Anlam kaydırmasının yanında anlam kayırması, normalleştirmesi de var, bilginin, tecrübenin, ayarın “evcil”, “anam babam” hâlleri de… Ezber bozulmuyor kolay kolay. Ki o deyim de yok o günlerde.
Ailecek linç partisi
Mesela kelime hazneme girdiğinde “linç” de öyle. Adlı adınca, o günkü “dar”, sözlük anlamıyla -doğrudan- var çocukluğumda: “Suçlu ilan ettiği kişiyi yargılamadan taş, sopa vb. şeylerle -topluca- döverek öldürmek.” Hafızama miras kalmış, eklenmiş “görsel”leri de öyle. Öyle demesi insanlık için korkunç ama “Bildik linç işte!”…
Kelimenin kökeninde de Virginia’da aynı dönemde yaşamış ve kendi kanunlarını uygulayan iki farklı hâkimin (Charles ve John Lynch) adı geçiyor. Lynch Kanunları özellikle “zencilerle uğraşmak için” oluşturulmuş. “Şahsa özel” mevzuata biz de aşinayız.
Kolluğu da -maskeli üniformasını çıkarınca- eşraftan, halktan Ku Klux Klan (KKK) sürülerine, cüppesinin eteğindeki “güruh”a emanet ediliyor. Ritüeli, kostümü, yanan haçla dekoru, sahnesi, hatta pikniği, “linç partileri” bile var. Yazımın fotoğrafında “ailecek” mesela. 7’den 70’e linç kültürü… İkinci karede kimi kendini, kızını-oğlunu o kültürle süsleyip partiye, pikniğe gelmiş, kimi takmış madalyalarını öyle icabet etmiş.
Bir marka, bir manşet
Çocukluğuma ve az ilerisine gidince linçin edebiyattaki, sinemadaki iki örneği hâlâ hafızamda. İlki Halide Edib Adıvar’ın “Vurun Kahpe”ye romanı. Bir tür marka… 1923 sonunda Akşam Gazetesi’nde tefrika edilmiş, üç yıl sonra da basılmış. Romandan öte atılan bir manşet.
“Düşmanla işbirliği” içinde olan “eski”ye karşı “yeni”nin, yani düşman tarafların resmi ideolojinin stereotipleri üzerinden hesaplaşması. Hasan Ali Yücel’in tanımlamasıyla “inkılâpçı eser”. Yönetmen Lütfi Ömer Akad 1949’da romanı sinemaya uyarlıyor.

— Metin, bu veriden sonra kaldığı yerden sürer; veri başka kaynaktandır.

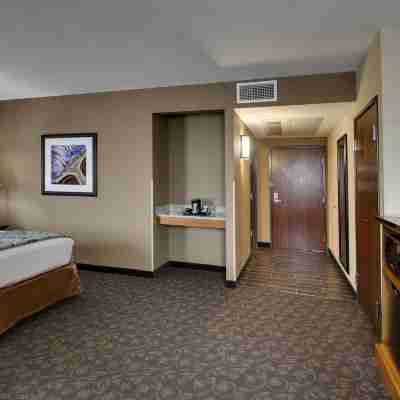 Drury Plaza Hotel Broadview Wichita Rooms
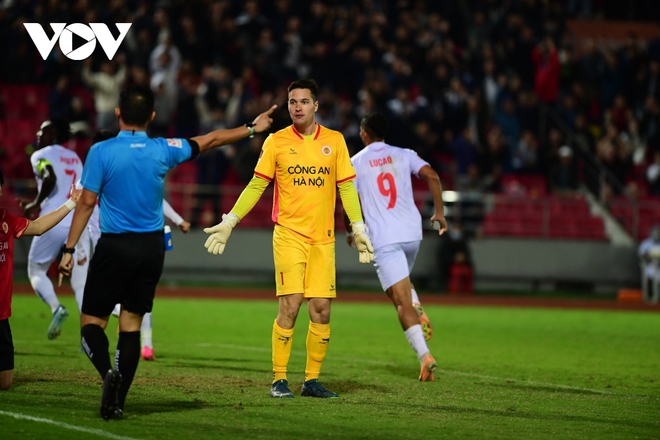 HLV Gong Oh Kyun cảm ơn Quang Hải sau trận Hải Phòng FC 3-1 CLB CAHN - Ảnh 2.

Gişesiyle yönetmenin önünü açsa da kısa sürede üç kez sansüre uğruyor.
Keyifli “sahne eseri”!
Ancak 6-7 Eylül 1955’de “gayrimüslimler”e, Rumlara, Ermenilere, Yahudilere yönelik linç, pogrom, yağma, kıyım, tecavüz, şiddet, dayak, işkence (yani her şey) çocukluk hafızamda pek öyle değil. Üstelik daha taze sayılır. En az 11 kişi öldürülmüş, 5 binden fazla ev, işyeri, ibadethane yakılmış, yıkılmış, mezarlar parçalanmış, hatta kazılmış.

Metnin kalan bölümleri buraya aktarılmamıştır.